We opened a London office this year. We did so because the most consequential companies of the next decade will need access to European talent and customers, and because Asian funds have been historically underrepresented in that conversation. This letter is about what we have learned from the first six months in Europe.

On Why Europe, and Why Now

Europe has, for two decades, been treated by Asian and American investors as a market that imports innovation from elsewhere. The premise is no longer accurate. The continent is now producing category-defining companies in fintech, music streaming, mobility, and several enterprise verticals at a rate that requires being there, locally, to evaluate.

The structural reasons matter as much as the visible ones. European founders increasingly build for global markets from the start; the technical talent base in cities like Berlin and Stockholm has matured to a level that competes with the Bay Area on quality if not yet on volume; and the regulatory environment, while occasionally hostile, produces categories of companies that do not emerge under lighter regulation. The third reason has been under-discussed in the venture press. Regulation that cannot be circumvented forces founders to build differently — to design for compliance from inception, to invest in capabilities that lighter-regulated competitors do not develop, and to build defensibility into their products in ways that do not depend on regulatory arbitrage. The European companies we are most interested in are, almost without exception, ones whose moats are partly regulatory in origin.

The decision to open in London, specifically, was driven by talent rather than capital. London has the deepest pool of operators with cross-jurisdictional experience in the European time zone; the city's financial-services background produces a particular kind of operator who is, in our reading, well-suited to the kinds of companies we want to back. We expect to expand the office's coverage to continental Europe over the next two years, with London as the operational base.

On What Alibaba's IPO Tells Us About Asian Capital

Alibaba's September IPO raised twenty-five billion dollars at a valuation greater than any other internet company in history. The story is not the size; the story is the demand. American institutional capital allocated to the offering at a level that suggests the structural under-allocation of US institutional money to Asian internet companies is finally being corrected.

The implication for our work is that the discount we have been able to harvest, by being early and patient in Asia, will narrow. We expect this and we are pricing it. The harder question is what to do with our existing positions; some of them are now valued at marks that imply, in their later rounds, the kind of premium we used to be able to acquire at discounts. We are inclined to hold most of these positions through the premium and into whatever follows; the alternative would be to sell into a structurally over-valued moment, and we have learned that timing such moments is harder than holding through them.

The deeper observation, which we have been making in private conversations for some time, is that the global capital markets are integrating around technology in ways that older sectors have not. The barriers to capital flowing across jurisdictions for technology companies are now meaningfully lower than the barriers for industrial companies, financial-services companies, or consumer-goods companies. We expect this to continue. The companies we want to back are, by their nature, the companies most able to attract globally diversified capital.

On the Founders Building in Berlin and Stockholm

The European founders we have met this year share two properties that we have come to value. They build with longer time horizons than their American counterparts — the European venture industry is younger and the founders feel less pressure to compress timelines. And they are more comfortable with smaller initial markets — they do not assume that a product must be national before it can be regional, or regional before it can be global.

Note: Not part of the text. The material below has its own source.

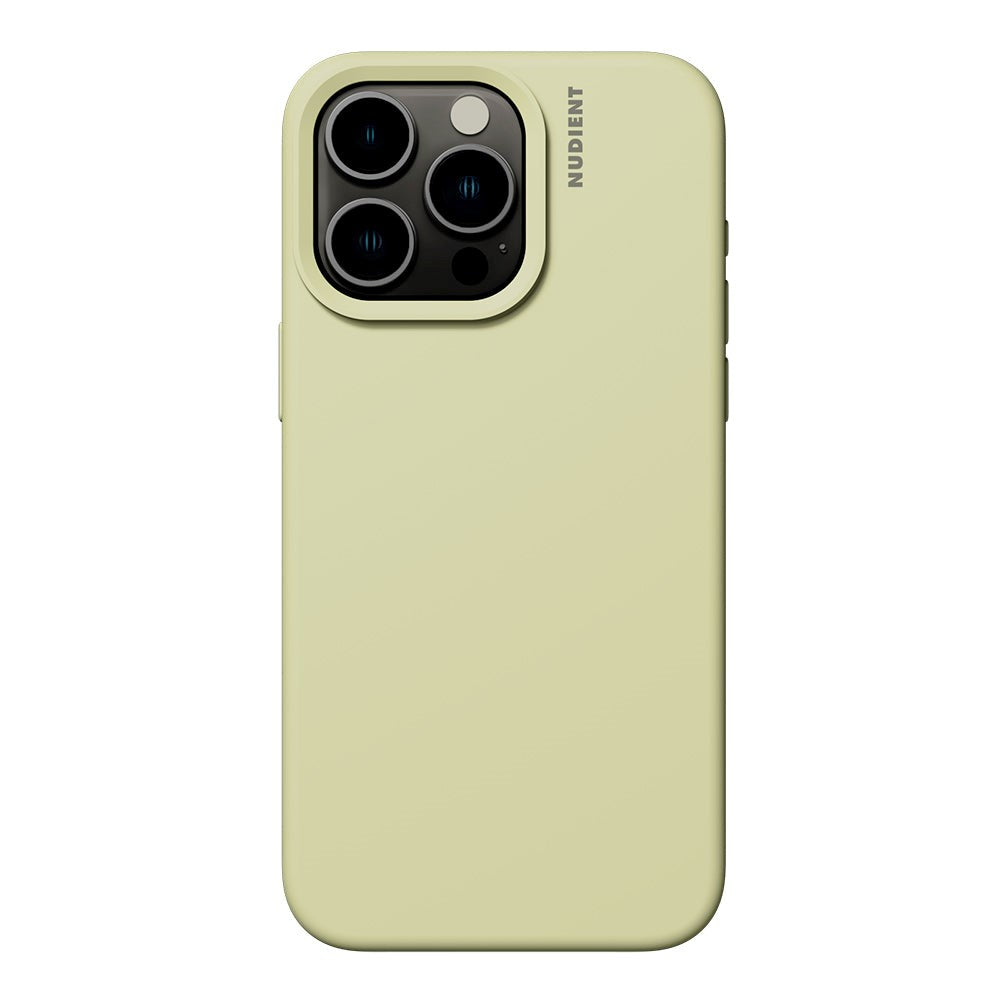 Nudient iPhone 15 Pro Base Silikon Skal - Pale Yellow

Both properties are well-suited to a family-fund structure. We are, as a result, deploying more capital into European founders this year than we expected to. We made five commitments in Europe in 2014; we had budgeted for three. The over-deployment is not strategic; it is a consequence of the founder pool being deeper than we had assessed at the start of the year.

The harder questions about European companies are operational. The continent does not yet produce large public-market exits at the same rate as the US or China; the path to liquidity for our European positions is, in most cases, less clear than the path for our positions in other regions. We are comfortable with this; we are a long-hold fund. Founders who are not equally comfortable need to be prepared for a longer journey than they would face elsewhere. We have begun making this point explicitly in early diligence conversations.

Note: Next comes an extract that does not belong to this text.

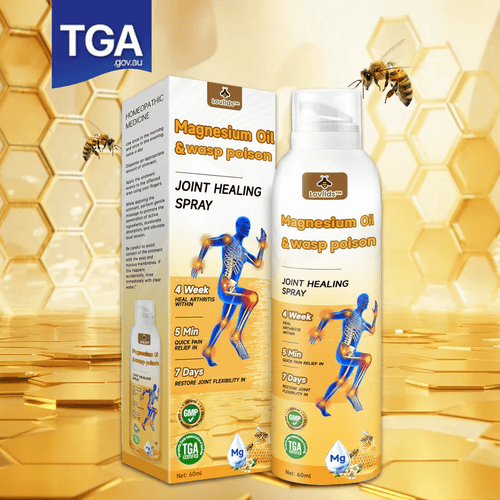 💧🐝Lovilds™ Magnesium Oil & wasp poison Joint Healing Spray👨⚕️Approved by the Australian Orthopaedic Association (AOA)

On What Brussels Will Mean for the Next Wave

The European data-protection framework now in late-stage drafting will, when enacted, materially change what categories of companies can be built profitably in Europe and elsewhere. We have not modeled the implications fully. Our directional view is that companies whose business models depend on the unconstrained collection of consumer data will face structural headwinds, and companies whose business models do not depend on such collection will benefit. We are positioning toward the second group.

The deeper structural argument is that the framework, once in force, will create a category of companies that is privacy-native rather than privacy-compliant — companies that did not start with the assumption that user data is freely available and that, in consequence, build products whose architecture is materially different. We expect the privacy-native companies to outperform privacy-compliant ones in Europe, and to extend into other jurisdictions as similar regulatory frameworks emerge. We have made one investment this year that we believe is structurally privacy-native. We expect to make more.

A Closing Note

Three offices is more than three times the operational complexity of one. The complexity is worth carrying when it brings us closer to companies we would otherwise miss. So far in Europe, it has. The 2014 letter, in retrospect, will likely be remembered as the year the firm became fully transcontinental. The 2024 letter, we expect, will be writing about what that meant.